What an amazing place and story. I'm glad your friends fought to save these views for the general public and common sense reigned in the end.

Marilyn said...

Beautiful photos of this special place. What wonderful work Aleen and her friends did - more of our special places should be open for the public to enjoy.

Vicki Lane said...

Aleen is an amazing woman -- I'm lucky to have her as a friend.

Gwen in Hampton said...

Here in Hampton we are having a similar success story. The Base Realignment and Closure Committee targeted historic Fort Monroe, at the mouth of the Chesapeake bay, for closure and the base closes next month after a fort presence on the site since the 1600's. When the Fort made the closure list, developers here started salivating and dreaming of gated communities too. However, local citizens were very vocal about keeping public access to the site and preserving the history and historic buildings at the fort. As a result, a committee of citizens, developers, local and state politicians and appointees was formed to determine the Fort's future. It now it appears very hopeful that the most historic areas of the site will transfer to the National Park service for the establishnment of a new national park, with the remainder transferring to State and local government control. Beach areas and the existing marina are to be kept open to the public, and many of the historic houses are to be left standing and restored.

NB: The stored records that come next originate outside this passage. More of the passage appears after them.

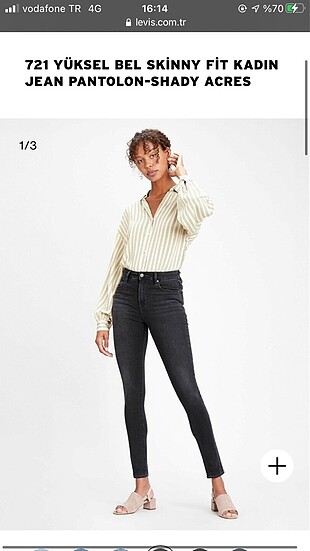 Sıfır etiketli orijinal levis
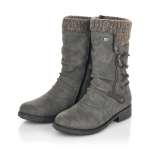 náhled Dámské kozačky REMONTE RIE-1036817-W0 šedá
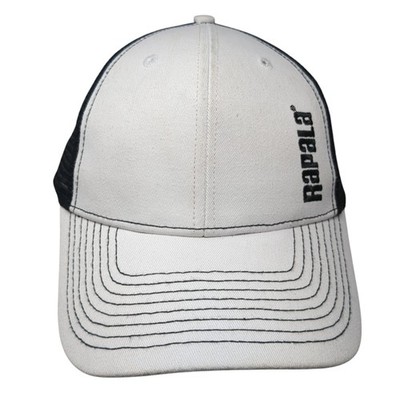 Rapala Snapback Trucker Hat White One Size Mesh Back Colorblock Outdoor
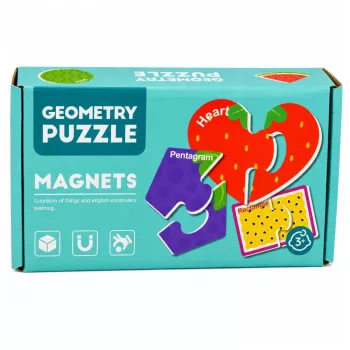 LEAN TOYS Magnetpuzzle Lernfrüchte 30 Teile – Pädagogische Fruchtmagnete für Tafeln, Whiteboards & Kühlschränke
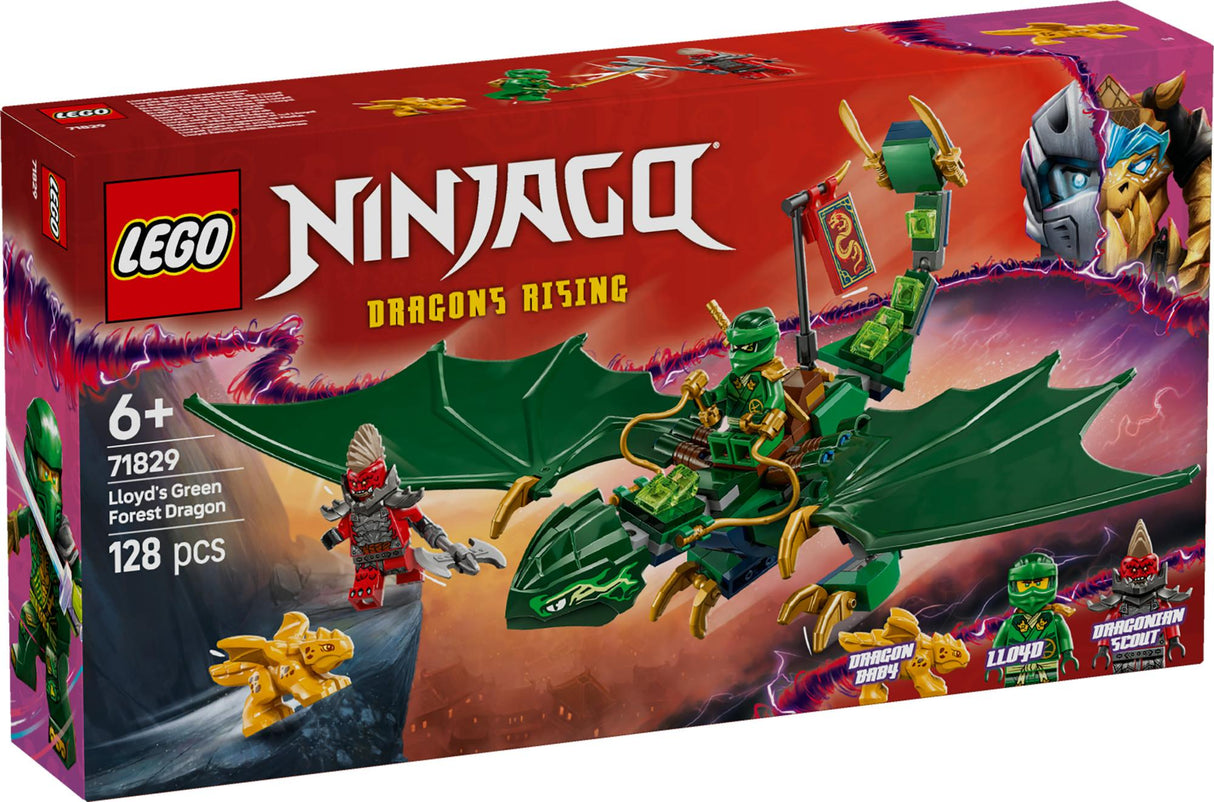 LEGO 71829 Ninjago Lloyd's Green Forest Dragon LEGO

The rest of the fort will become a mix of office space and new housing which will help finance the upkeep on state owned public areas. Not too bad!

Vicki Lane said...

How wonderful, Gwen! I hope there are lots of stories like this out there.

NCmountainwoman said...

One of our favorite nearby hikes! The trail from Hooker to Triple Falls was closed for several days last month for a movie they were filming. Great photographs of the wonderful falls.

We give money to Friends of DuPont Forest but I hadn't heard of Friends of the Falls. I'll check it out.

Vicki Lane said...

NCmountainwoman -- it's possible that Friends of the Falls turned into Friends of DuPont Forest.

Deanna said...

What a great story. This group of "little people" saved those falls! They are beautiful.

Kath said...

That's wonderful! And of course the photos are gorgeous!